La Chronique Agora

Pour Greenspan, les USA ont 50% de chances d'entrer en récession !

Par Jean Chabru (*)

Le moins que l’on puisse dire, c’est que la visibilité est particulièrement réduite sur les marchés financiers ces temps-ci. Les experts se battent pour savoir si les Etats-Unis sont entrés en récession, vont le faire ou sauront l’éviter. Le débat fait rage mais pour le moment, personne n’en sait rien.

L’inquiétude se concentre sur l’ampleur de la crise des subprimes et sur son risque de contagion à l’économie réelle. Reste que les statistiques ne plaident pas en faveur d’un atterrissage en douceur de l’économie US : selon les calculs d’un professeur de l’université de Los Angeles, par le passé, huit crises immobilières sur dix ont débouché sur une récession.

Seules deux périodes y ont échappé : lors des guerres de Corée et du Vietnam. Les dépenses militaires avaient servi de moteur de substitution.

50% de chance d’entrer en récession !
Mais les économistes sont encore partagés. Au début de l’année, ils évaluaient en moyenne à moins de 20% la probabilité d’une récession. Cet été, la probabilité est passée à… 40%. Et pas plus tard que vendredi dernier, Alan Greenspan, qui depuis son départ de la Fed et la sortie de son livre n’a jamais été aussi disert, estime à 50/50 la probabilité de récession aux USA.

L’OCDE a donné la séquence : selon ses prévisions, la croissance américaine passera de 4% au deuxième trimestre (rythme annuel) à 2% au troisième et 1,5% au quatrième. Il suffit simplement de prolonger la courbe pour basculer !

D’ailleurs, les dernières statistiques s’imprègnent de rouge : en août, il n’y a eu que 4 000 créations nettes d’emplois quand les analystes en attendaient 110 000. Cela signifie que les entreprises ont ressenti un coup de frein brutal de leur activité avant même que n’éclate la crise des subprimes.

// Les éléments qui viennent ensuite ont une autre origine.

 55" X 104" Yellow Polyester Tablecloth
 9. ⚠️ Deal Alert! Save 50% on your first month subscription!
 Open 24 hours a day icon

L’immobilier : un an de salaire en plus pour les Américains
Quand on regarde le poids qu’a eu l’immobilier dans la croissance américaine depuis dix ans, on a du mal à comprendre comment elle peut encore tenir. Les ménages propriétaires ont vu leur bien croître en valeur de 9% l’an depuis 2000. Comme 80% des acquéreurs ont trouvé des taux faibles et des avantages fiscaux, le retour net sur investissement a été de 25%. Beaucoup ont pu  renégocier leurs emprunts en fonction de cette plus-value, et le gain pour l’ensemble des Américains a été de 9 000 milliards de dollars… ce qui équivaut à 90% de leur revenu de 2006.

Le couple hausse des prix/renégociation des prêts leur a fait gagner un an de salaire en plus ! Et c’est grâce à cette nouvelle richesse que les ménages ont pu continuer à consommer, en empruntant toujours plus…

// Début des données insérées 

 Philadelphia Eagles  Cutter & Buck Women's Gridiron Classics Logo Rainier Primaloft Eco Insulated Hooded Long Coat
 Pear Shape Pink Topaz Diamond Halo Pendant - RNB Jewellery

Un ralentissement plus fort qu’en 1929
Mais cet effet de richesse se tarit quand le marché immobilier se retourne. Les prix sont partis à la baisse au rythme désormais de 9% l’an, ce qui paraît peu, mais c’est plus fort que lors de la crise de 1929.

Si la valeur des logements recule de 20%, les économistes prévoient deux conséquences : beaucoup d’emprunteurs vont faire défaut (selon le camp des pessimistes, nous n’en sommes qu’au début), et nombre d’institutions prêteuses seront mises à mal. De plus, la consommation globale des ménages pourrait se contracter de 200 milliards de dollars, soit 1,5% du PIB, ramenant donc la croissance sous zéro.

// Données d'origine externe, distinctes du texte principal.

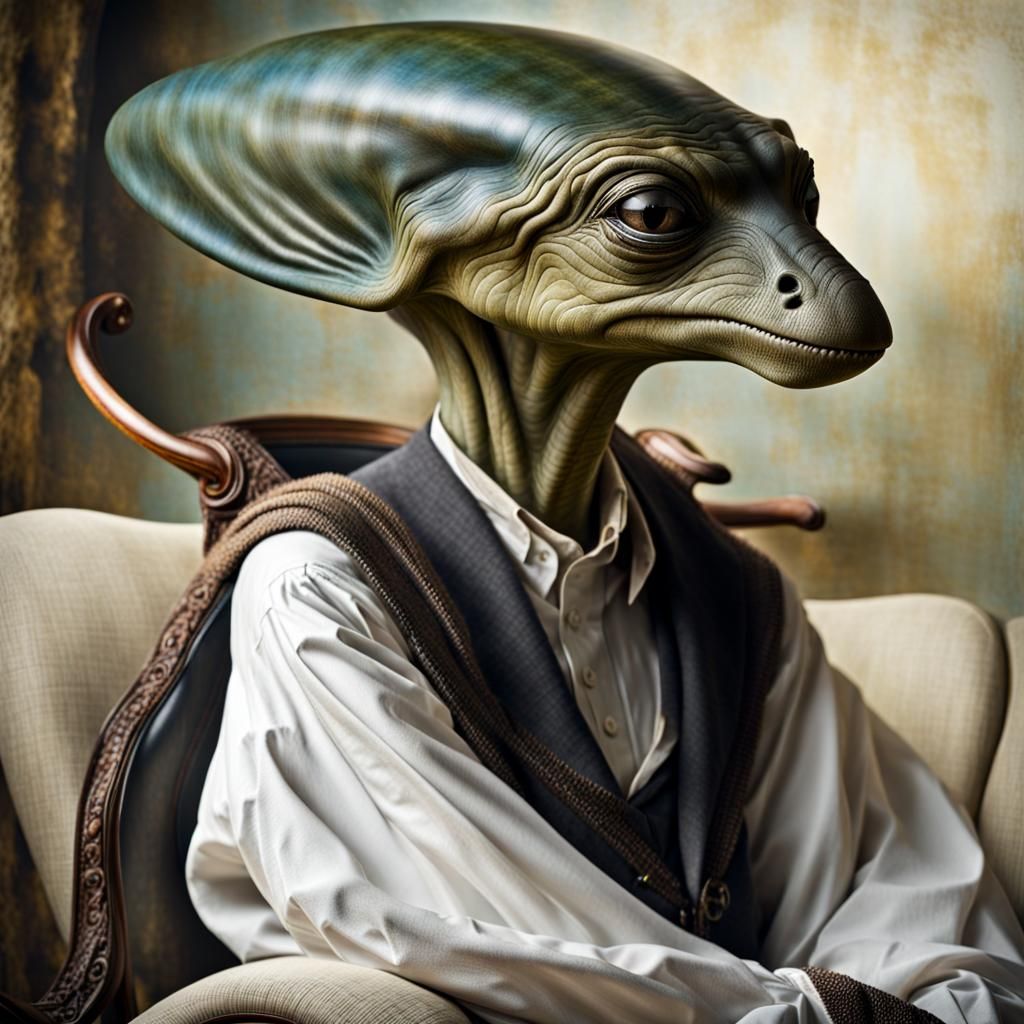 Surreal Alien Restaurant Celebration in Gritty Detail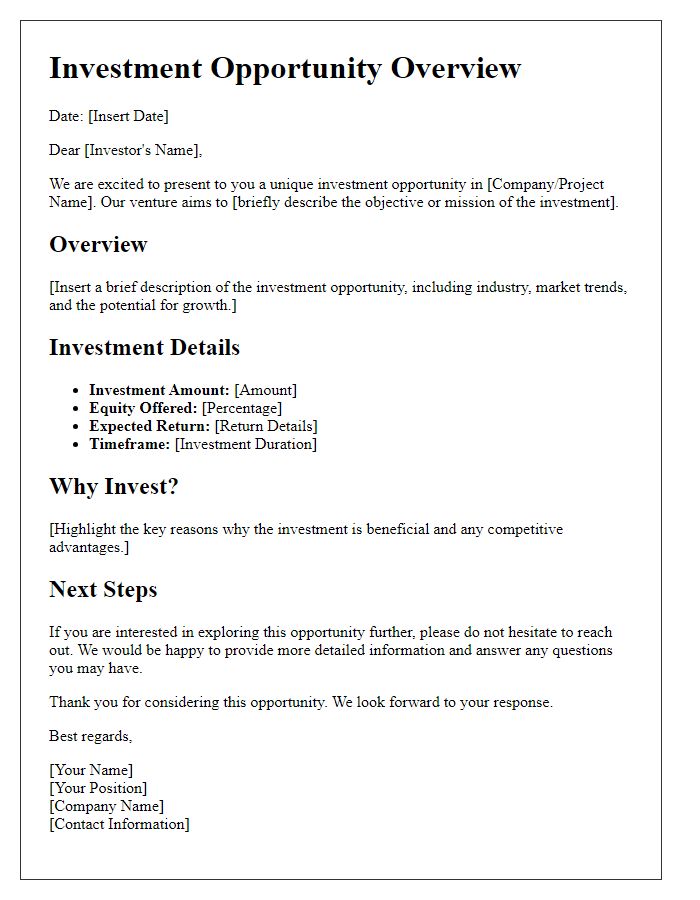 Letter template of investment opportunity overview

Malgré ces chiffres plutôt alarmants, le consensus des économistes table encore sur une expansion de 2,5% en 2008. Seul Merrill Lynch a anticipé une récession en 2008. Joseph Stiglitz, Prix Nobel et professeur à Columbia, lui, parle de "ralentissement très fort, pas de récession".

Le pire n’est pas toujours sûr
Au final, le pire n’est pas sûr mais probable. A partir de là, il est évident que la volatilité va augmenter sur les marchés financiers et encore plus sur les valeurs moyennes. D’ici la fin de l’année, il ne serait pas étonnant de voir des prises de bénéfices sur certaines d’entre elles très exposées au dollar et à l’économie américaine.

Dans cette période d’incertitude, qui devrait durer au moins jusqu’à la fin de l’année d’après moi, l’important est de ne pas céder à la panique et de bien connaître les fondamentaux des sociétés. C’est à la fois ma stratégie et mon travail quotidien.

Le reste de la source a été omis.